Il biocomputing con mini-cervelli come processori potrebbe essere più potente dell'intelligenza artificiale basata sul silicio

Il biocomputing con mini-cervelli come processori potrebbe essere più potente dell'intelligenza artificiale basata sul silicio

Il biocomputing con mini-cervelli come processori potrebbe essere più potente dell'intelligenza artificiale dei dati PlatoBlockchain basata sul silicio. Ricerca verticale. Ai.

Il cervello umano è un maestro del calcolo. Non c'è da meravigliarsi che dagli algoritmi ispirati al cervello ai chip neuromorfici, gli scienziati stiano prendendo in prestito il playbook del cervello per dare una spinta alle macchine.
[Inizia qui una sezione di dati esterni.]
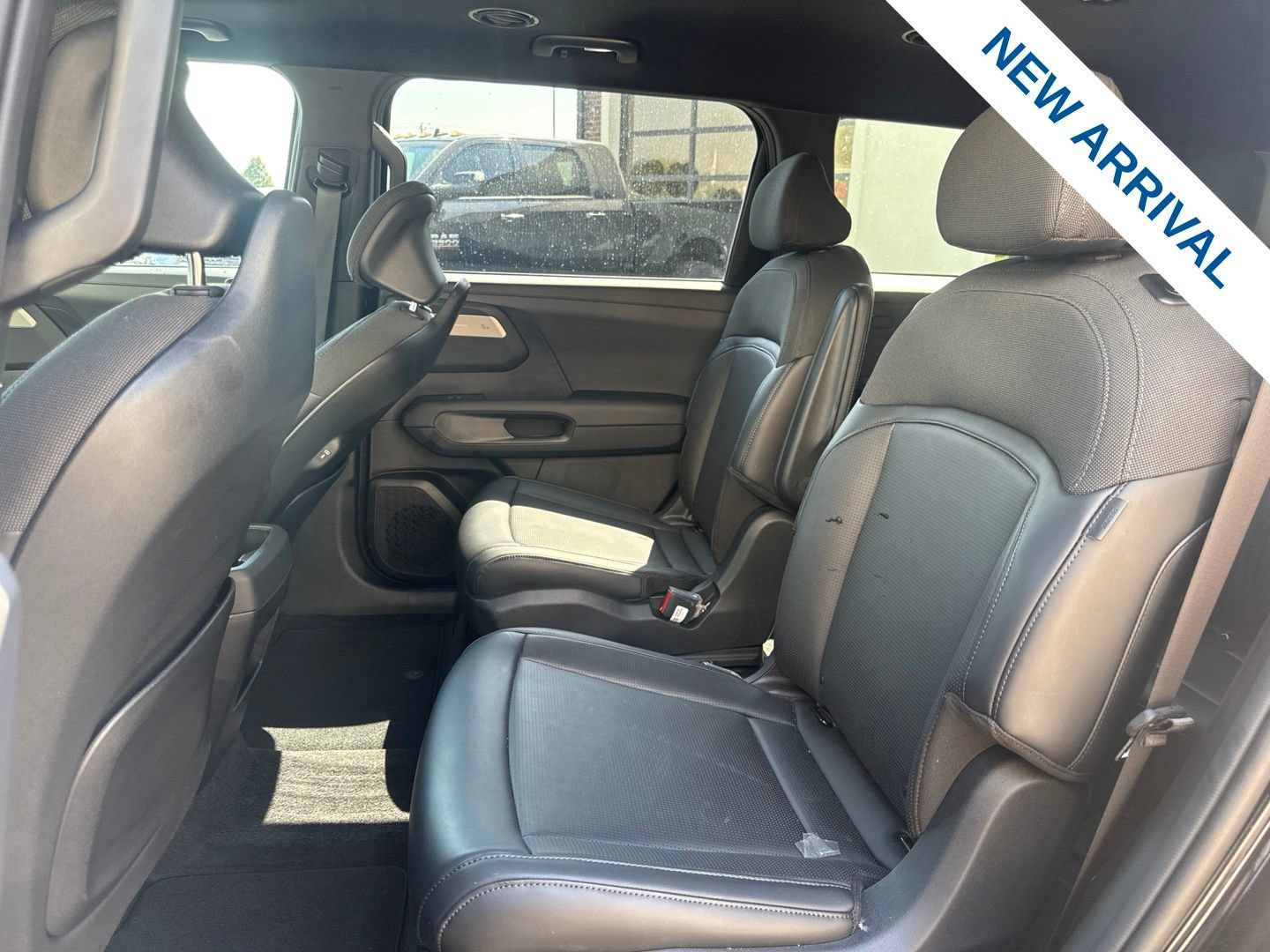 Used 2027 Kia Telluride S AWD/4WD image 15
Eppure i risultati, sia software che hardware, catturano solo una frazione del complessità computazionali incorporate nei neuroni. Ma forse l’ostacolo principale nella costruzione di computer simili al cervello è che ancora non comprendiamo appieno come funziona il cervello. Ad esempio, come fa la sua architettura, definita da strati, regioni e circuiti neurali in continua evoluzione, a dare un senso al nostro mondo caotico caratterizzato da alta efficienza e basso consumo di energia?

Allora perché non eludere questo enigma e utilizzare il tessuto neurale direttamente come un biocomputer?
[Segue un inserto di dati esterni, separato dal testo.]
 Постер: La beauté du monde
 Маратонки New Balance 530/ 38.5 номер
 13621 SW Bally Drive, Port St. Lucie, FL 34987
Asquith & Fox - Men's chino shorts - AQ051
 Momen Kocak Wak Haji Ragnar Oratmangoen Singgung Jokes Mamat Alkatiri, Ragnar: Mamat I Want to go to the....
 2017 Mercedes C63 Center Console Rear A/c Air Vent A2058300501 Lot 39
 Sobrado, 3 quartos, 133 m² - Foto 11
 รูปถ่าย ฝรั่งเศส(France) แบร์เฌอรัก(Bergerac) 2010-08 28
Questo mese, un team della Johns Hopkins University ha tracciato un progetto audace per un nuovo campo dell'informatica: l'intelligenza organoide (OI). Non preoccuparti, non stanno parlando di utilizzare tessuto cerebrale umano vivente collegato a fili in barattoli. Piuttosto, come nel nome, l'attenzione si concentra su un surrogato: organoidi cerebrali, meglio conosciuti come "mini-cervelli". Queste pepite delle dimensioni di un pisello assomigliano approssimativamente al fetale precoce cervello umano nella loro espressione genica, ampia varietà di cellule cerebrali e organizzazione. I loro circuiti neurali si accendono di attività spontanea, incresparsi con le onde cerebrali, e può persino rilevare la luce e controllare il movimento muscolare.

In sostanza, gli organoidi cerebrali sono processori altamente sviluppati che duplicano il cervello in misura limitata. Teoricamente, diversi tipi di mini-cervelli potrebbero essere collegati a sensori digitali e dispositivi di output, non diversamente dalle interfacce cervello-macchina, ma come un circuito esterno al corpo. A lungo termine, possono connettersi tra loro in un super biocomputer addestrato utilizzando metodi di biofeedback e apprendimento automatico per consentire "l'intelligenza in un piatto".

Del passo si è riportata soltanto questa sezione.